As much as Al would like to answer all questions, with thousands of traders using the course, he is simply unable to do that at this point. Other traders can step in to help with comments too, but this is not a forum style and comments are not easy to follow up.
Comments should be limited to either what you think might be a mistake in Al’s post, or to a specific point in the post that is unclear.
Thanks for your understanding.
To answer your question about getting back into market you just need to compose yourself. Take some deep breaths, and analyze/review the situation to see if trade setup is valid. Do not trade again until you are calm and relaxed.
The same relaxation logic applies to you NOT getting out of trade too quickly. Keep yourself calm while in a trade and do not allow your emotions to step in and take you out too early. Do not worry about losing trades. Plenty more to come.
Hi Richard, that is very well said: “Do not trade again until you are calm and relaxed”! Very good point!
Al, thanks for identifying the key context and the tells.

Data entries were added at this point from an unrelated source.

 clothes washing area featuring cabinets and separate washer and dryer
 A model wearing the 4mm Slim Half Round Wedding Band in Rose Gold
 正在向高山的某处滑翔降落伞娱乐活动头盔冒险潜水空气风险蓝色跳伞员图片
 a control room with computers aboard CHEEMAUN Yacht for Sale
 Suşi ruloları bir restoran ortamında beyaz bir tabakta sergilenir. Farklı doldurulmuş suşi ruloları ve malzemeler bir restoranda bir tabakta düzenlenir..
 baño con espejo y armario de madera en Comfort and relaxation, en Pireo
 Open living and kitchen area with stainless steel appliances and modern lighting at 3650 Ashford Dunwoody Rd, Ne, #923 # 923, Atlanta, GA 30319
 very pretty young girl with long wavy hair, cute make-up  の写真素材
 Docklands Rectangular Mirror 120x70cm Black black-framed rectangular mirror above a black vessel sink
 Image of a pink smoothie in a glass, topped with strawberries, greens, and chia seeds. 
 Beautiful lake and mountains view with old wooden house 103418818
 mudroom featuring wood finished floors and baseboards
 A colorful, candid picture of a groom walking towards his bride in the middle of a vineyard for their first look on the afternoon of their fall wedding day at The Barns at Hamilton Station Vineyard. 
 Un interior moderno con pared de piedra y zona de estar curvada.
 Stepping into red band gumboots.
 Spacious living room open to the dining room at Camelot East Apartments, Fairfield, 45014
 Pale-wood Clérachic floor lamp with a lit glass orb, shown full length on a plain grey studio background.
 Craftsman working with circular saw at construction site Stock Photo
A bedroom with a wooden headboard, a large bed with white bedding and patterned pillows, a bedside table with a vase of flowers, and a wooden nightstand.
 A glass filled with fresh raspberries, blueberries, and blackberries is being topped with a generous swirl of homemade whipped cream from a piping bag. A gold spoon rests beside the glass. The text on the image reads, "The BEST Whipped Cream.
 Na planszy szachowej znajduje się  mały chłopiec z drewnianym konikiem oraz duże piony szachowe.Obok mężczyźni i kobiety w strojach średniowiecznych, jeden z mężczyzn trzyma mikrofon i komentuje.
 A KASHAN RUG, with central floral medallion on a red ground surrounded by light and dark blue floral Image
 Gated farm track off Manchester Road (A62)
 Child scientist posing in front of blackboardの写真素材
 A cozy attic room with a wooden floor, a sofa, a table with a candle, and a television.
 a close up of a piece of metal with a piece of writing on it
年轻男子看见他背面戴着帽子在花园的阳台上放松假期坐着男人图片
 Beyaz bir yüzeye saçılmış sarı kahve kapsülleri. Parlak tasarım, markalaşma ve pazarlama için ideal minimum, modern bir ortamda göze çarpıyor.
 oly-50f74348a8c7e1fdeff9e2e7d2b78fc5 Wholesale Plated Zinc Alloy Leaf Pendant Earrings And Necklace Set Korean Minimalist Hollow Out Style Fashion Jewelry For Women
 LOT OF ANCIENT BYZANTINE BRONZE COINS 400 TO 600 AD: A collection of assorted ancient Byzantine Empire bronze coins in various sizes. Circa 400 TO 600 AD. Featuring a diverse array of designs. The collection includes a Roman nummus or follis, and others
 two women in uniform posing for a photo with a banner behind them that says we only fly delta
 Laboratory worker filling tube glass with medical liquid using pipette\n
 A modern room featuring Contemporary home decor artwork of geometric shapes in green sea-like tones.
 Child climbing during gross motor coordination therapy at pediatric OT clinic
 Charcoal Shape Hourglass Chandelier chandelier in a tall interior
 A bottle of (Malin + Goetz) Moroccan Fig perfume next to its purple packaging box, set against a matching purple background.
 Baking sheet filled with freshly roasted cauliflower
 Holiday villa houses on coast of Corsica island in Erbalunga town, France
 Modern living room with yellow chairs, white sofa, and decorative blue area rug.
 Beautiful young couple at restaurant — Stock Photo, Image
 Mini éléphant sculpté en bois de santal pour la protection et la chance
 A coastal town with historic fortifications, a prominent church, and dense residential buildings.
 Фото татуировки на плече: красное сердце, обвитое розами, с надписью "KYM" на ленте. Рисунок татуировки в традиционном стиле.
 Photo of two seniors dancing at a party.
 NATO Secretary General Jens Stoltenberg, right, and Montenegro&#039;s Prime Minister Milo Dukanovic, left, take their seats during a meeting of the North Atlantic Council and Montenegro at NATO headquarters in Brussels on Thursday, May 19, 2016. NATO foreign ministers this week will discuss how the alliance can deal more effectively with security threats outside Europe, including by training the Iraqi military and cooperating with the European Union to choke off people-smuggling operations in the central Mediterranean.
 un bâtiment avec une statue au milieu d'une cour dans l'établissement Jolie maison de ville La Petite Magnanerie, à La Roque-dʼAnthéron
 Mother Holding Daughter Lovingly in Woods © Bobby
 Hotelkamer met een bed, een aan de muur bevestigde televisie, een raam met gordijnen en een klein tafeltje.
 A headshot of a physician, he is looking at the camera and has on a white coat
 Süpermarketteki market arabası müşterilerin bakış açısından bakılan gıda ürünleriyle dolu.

One might refer to the afternoon price action as an INSIDE MOVE, an extended version of an INSIDE BAR, what it should look like on a higher TF chart.
As I had differentiated a Small Pullback Bull Trend from a Wedge, once I saw the negative gaps I thought that the strongest form of trend was in place, and ended up exiting flat, on a complacent stop off the 11h30 PST MIN30 bar.
Because of the negative gaps in the pullbacks following the first two uplegs in the afternoon, I read the move as a small pullback bull trend, and so thought the move ended abruptly, for that classification.
On your chart I think you’re implying it’s a wedge b/c of line you added.
The pullback following the 3rd leg up has a close that fills a negative gap, but not by much, so it does suggest that the move was getting weaker.
Do you see the uplegs/pullbacks 1 & 2 as implying a small pullback bull trend, and if so do you think the move morphed into a wedge in the pullback after the 3rd leg, or do you see the move as a wedge from the start ?
(because the negative gaps have too much overlap, and the ascent is too angled, for this to be a small pullback bull trend ?)
Even if the afternoon uptrend was a small pullback bull trend, would you have expected it to end when it did, simply because afternoon trends typically don’t last much longer than this one did ?
Most Small Pullback Bull Trends are tight bull channel wedges and all tight bull channel wedges are Small Pullback Bull Trends. However, the context usually tells traders if the trend is more likely a leg in a trading range or the start of a bull trend.
Until there is a clear, strong breakout with follow-through, the odds always favor a leg in a trading range. I also pay attention to body gaps. The bear breakout began as bar 7 fell below 6. The bodies of 23 and 34 did not extend above the bottom of the body of bar 6. That is not good for the bulls.
The afternoon rally was similar. It was a Small Pullback Bull Trend that was probably a bull leg in a trading range. However, traders never know which new high will be the final one. Some traders sell and get stopped out, then sell again. Others sell, and sell more above the top of the swing, correctly betting that the final top is not too much higher.
Everyone wants an easy trade that goes a long way. When a day is a trading range like this, the bulls and bears are going to be constantly disappointed. I usually scalp almost every trade unless a clear, strong trend develops.